Dalam acara yang dihadiri oleh mahasiswa dan akademisi tersebut, Mulyanto menegaskan kembali posisi Fraksi PKS sebagai oposisi di pemerintahan.
“Kami di DPR RI ini memilih oposisi sebagai cara kami untuk berkontribusi kepada rakyat. Dengan mengawasi jalannya pemerintahan, kami bisa mengingatkan pemerintah jika mereka mengambil kebijakan yang tidak benar. Kalau salah-salah, bisa kita semprit” ujar Mulyanto.
Menurut Mulyanto, sikap oposisi ini bukanlah sikap melawan asas-asas negara.
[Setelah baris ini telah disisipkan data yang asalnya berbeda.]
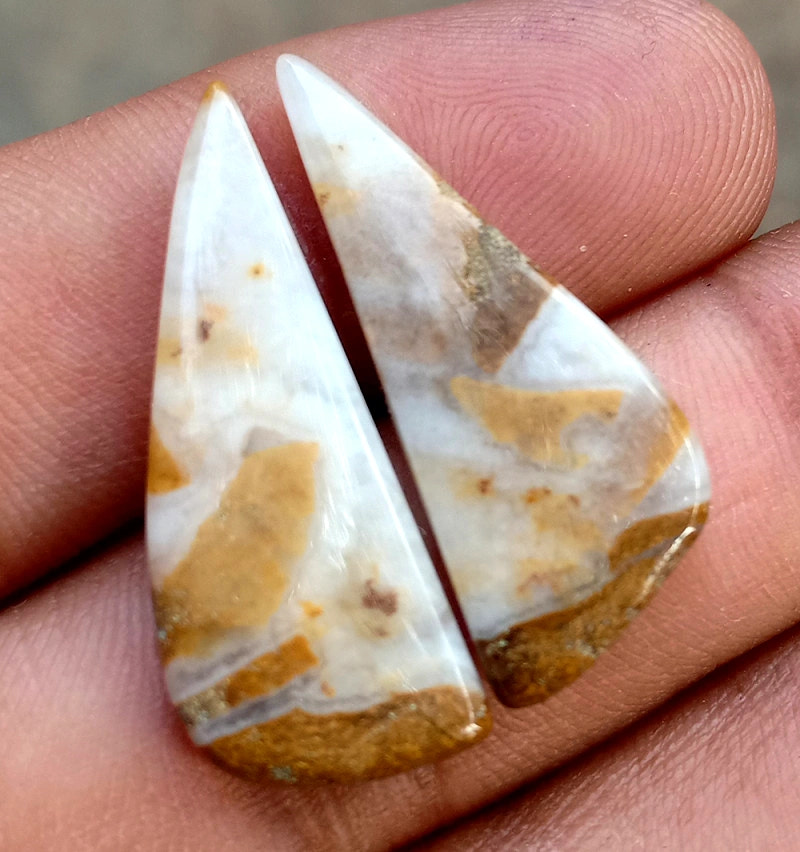 17.7ct Brown Palm Jasper Pair - alternate view 2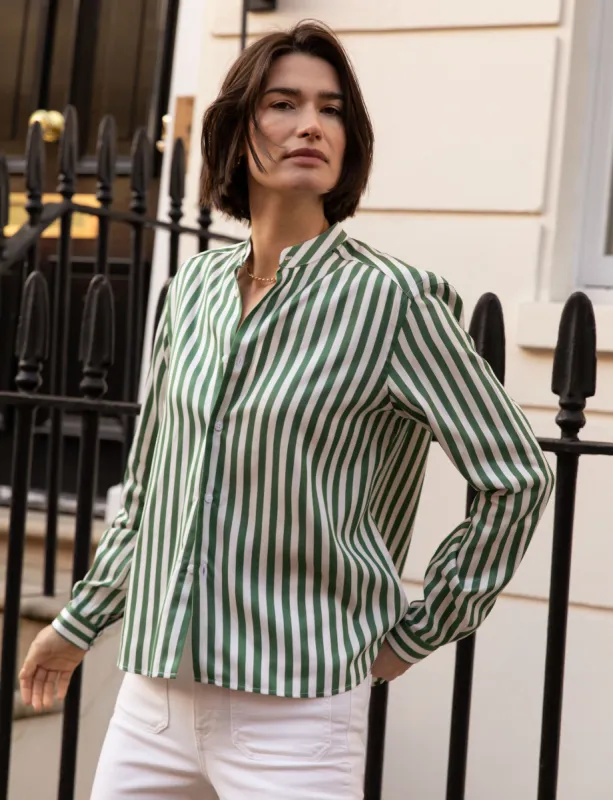 The Girlfriend Collarless: Tencel, Forest Green Stripe sold by With Nothing Underneath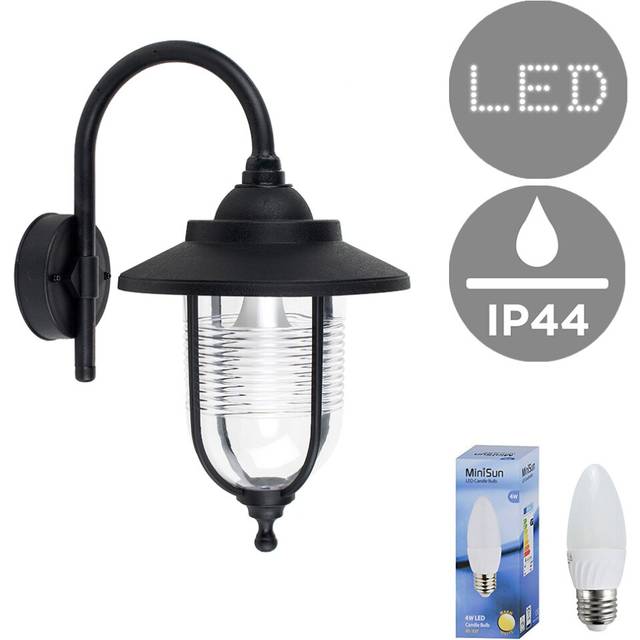 Modern Outdoor Black Fisherman Style Swan Neck Wall Light Lantern - IP44 Rated - with 1 x 4w ES E27 LED Candle Bulb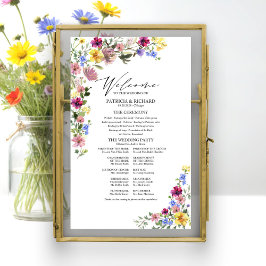ボヘミアン風のワイルドフラワー結婚式プログラムサイン ポスター
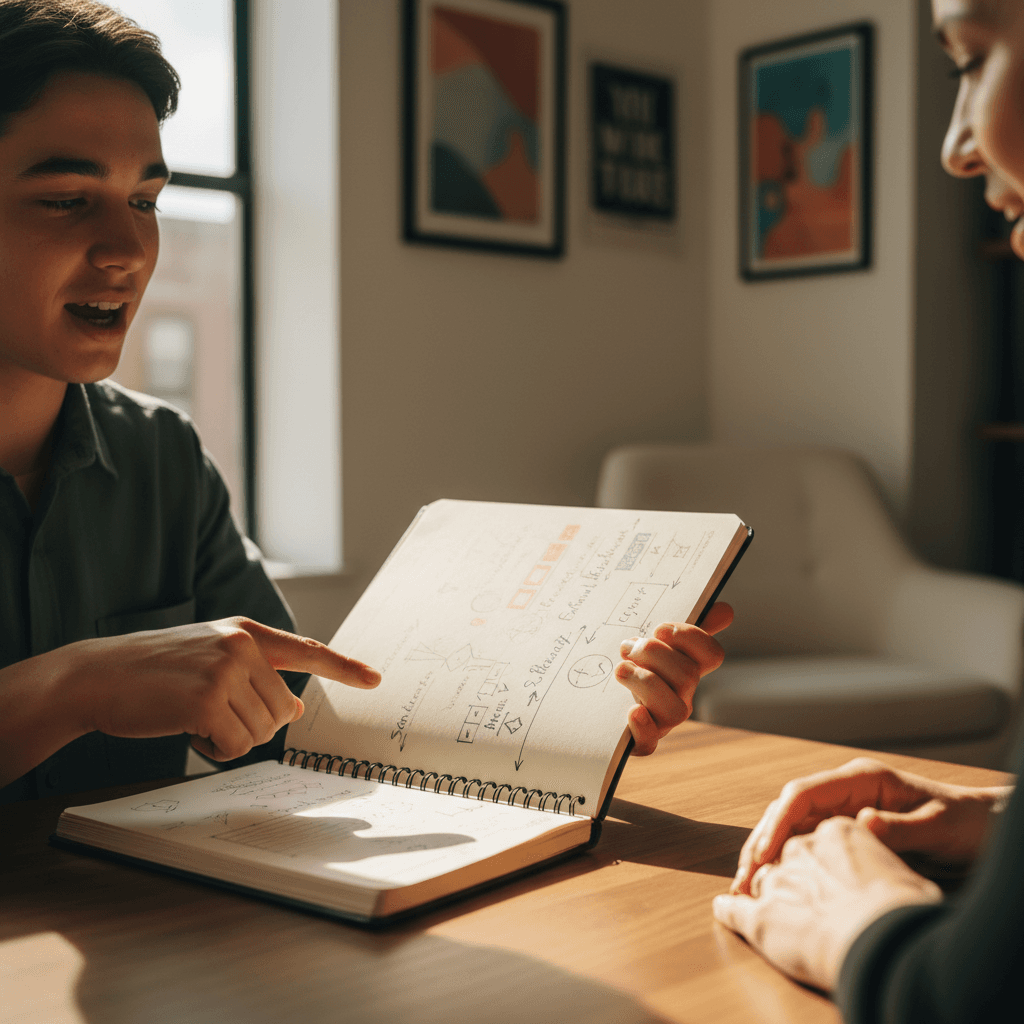Mentor and youth having a meaningful one-on-one conversation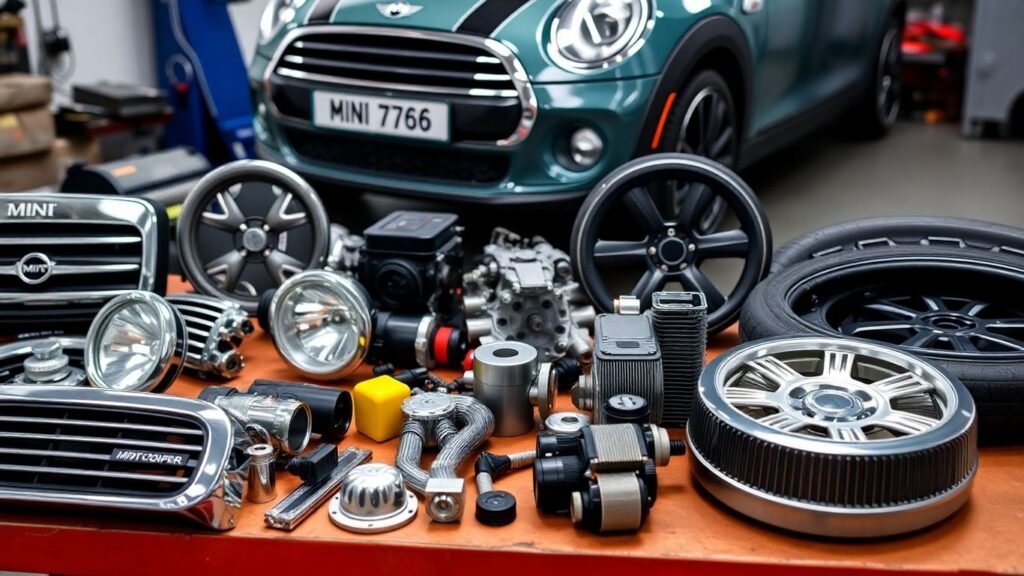 Mini Cooper parts and car in a workshop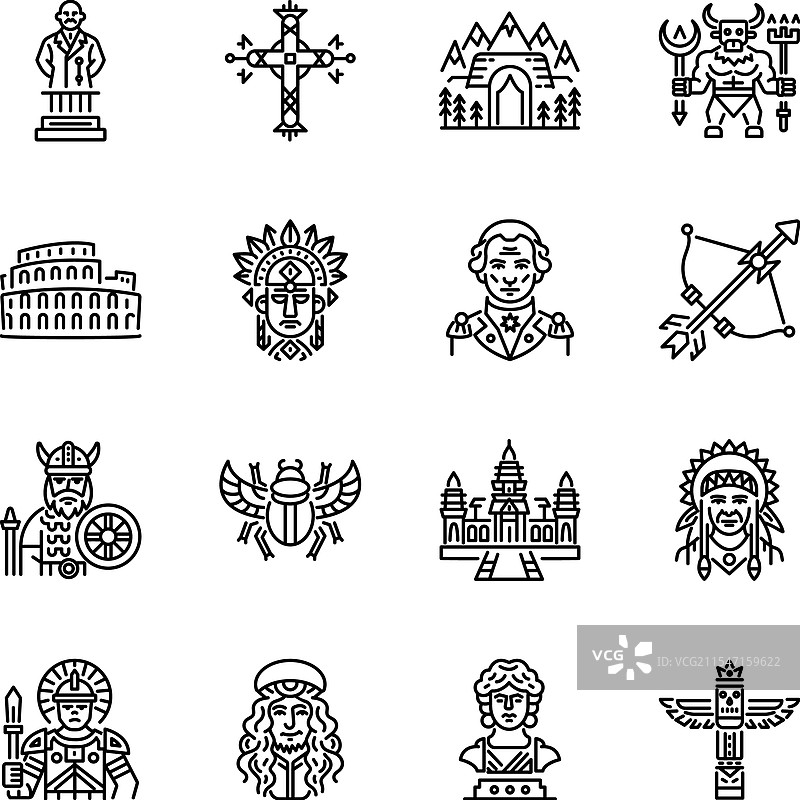 一组线条风格的古代神话图标图片素材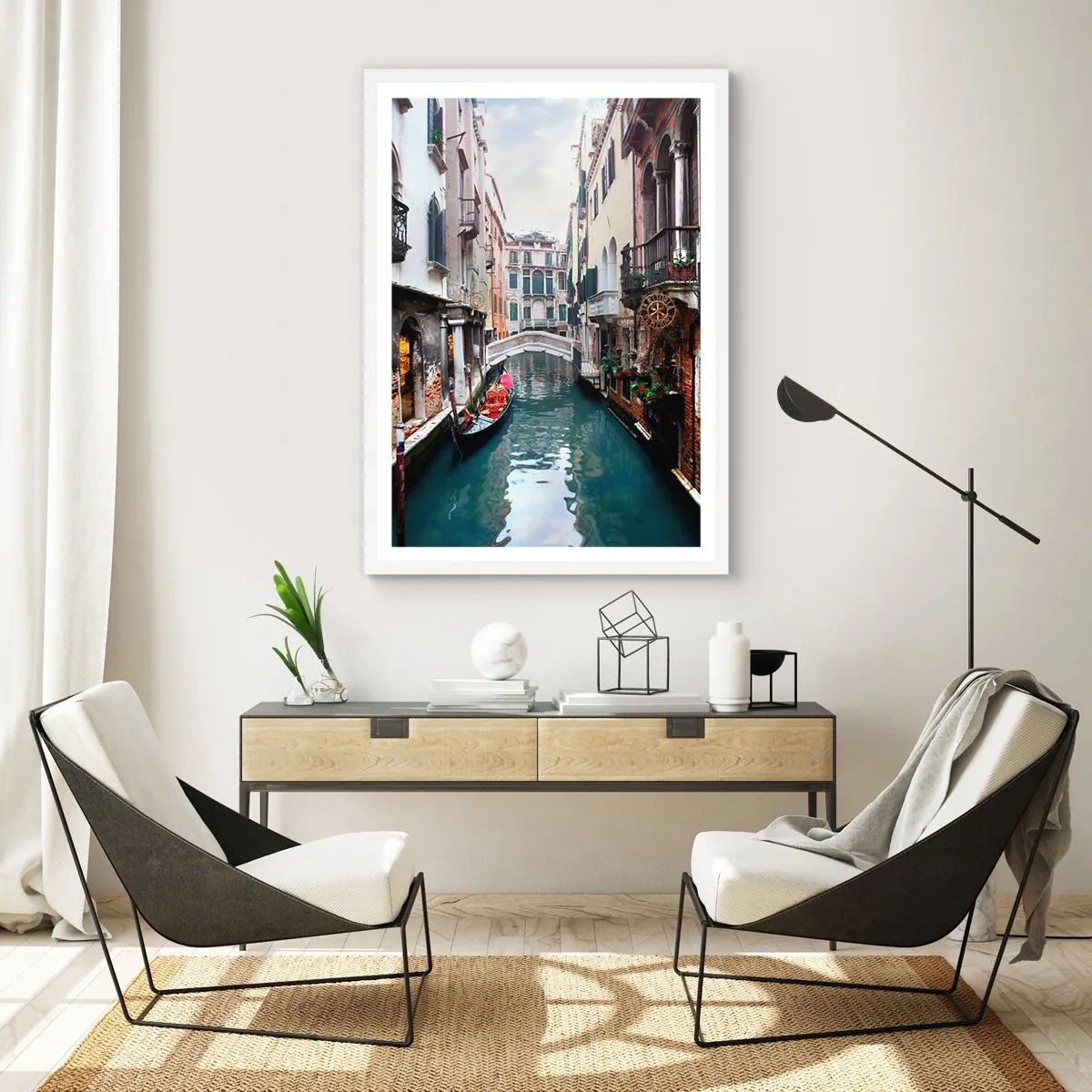 Plakat w białej ramie - Pejzaż wenecki z gondolą i mostkiem - 50x70 cm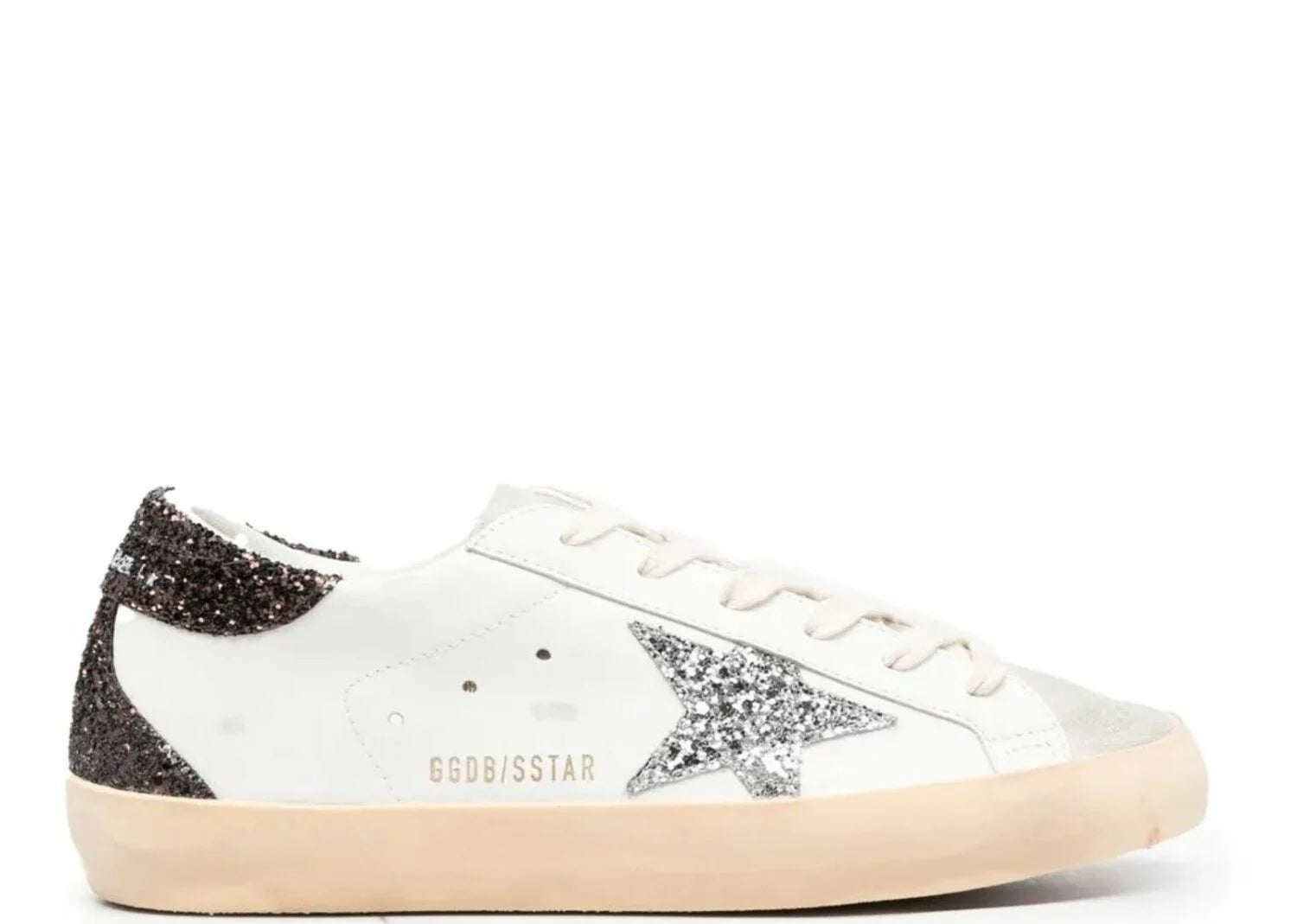 Golden Goose Super-Star Silver Star Brown Glitter Heel
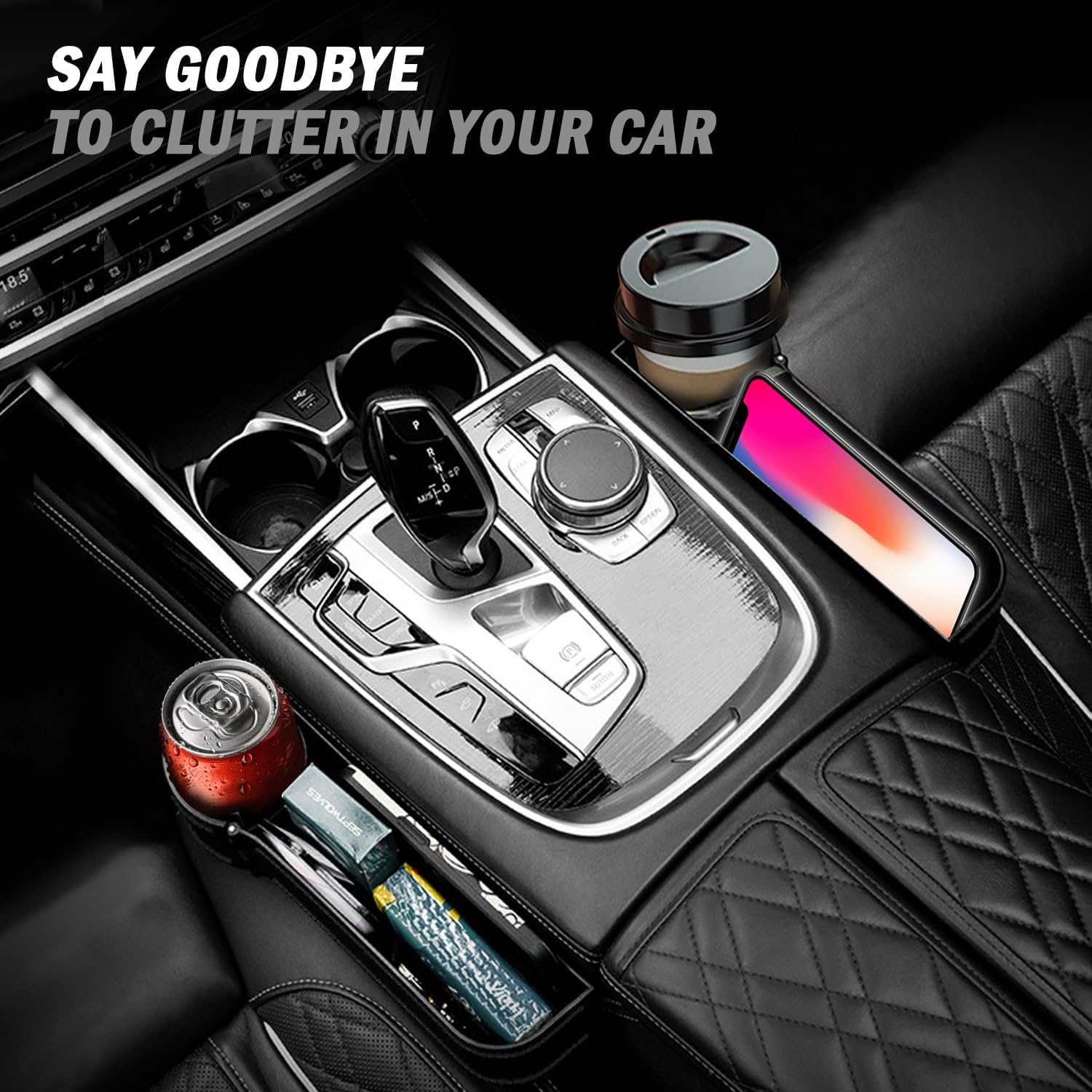 Hiseanllo Car Seat Gap Filler Organizer, 2 Pack Multifunctional Car Seat Organizer with Adjustable Cup Holder, Universal Car Sea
Sebab, oposisi yang dimaksud adalah oposisi terhadap sikap pemerintah yang tentu saja memiliki kelemahan khususnya dalam taat terhadap konstitusi. Terlebih lagi, selalu ada potensi-potensi penyalahgunaan wewenang pemerintah.
“Sikap kita ini bukanlah sikap anti negara maupun sikap anti kebangsaan. Sebaliknya, kita justru membantu negara dan bangsa dengan melakukan oposisi” ujar Mulyanto.
Terakhir, Mulyanto berharap agar acara ini dapat menambah ilmu pengetahuan para mahasiswa khususnya mengenai peraturan perundangan-undangan dan peran Fraksi dalam penyusunan Undang-undang di DPR.
“Saya berharap semoga kuliah virtual ini dapat menghasilkan mahasiswa hukum yang berprestasi dan memiliki kontribusi yang besar bagi bangsa dan negara” tutup Mulyanto.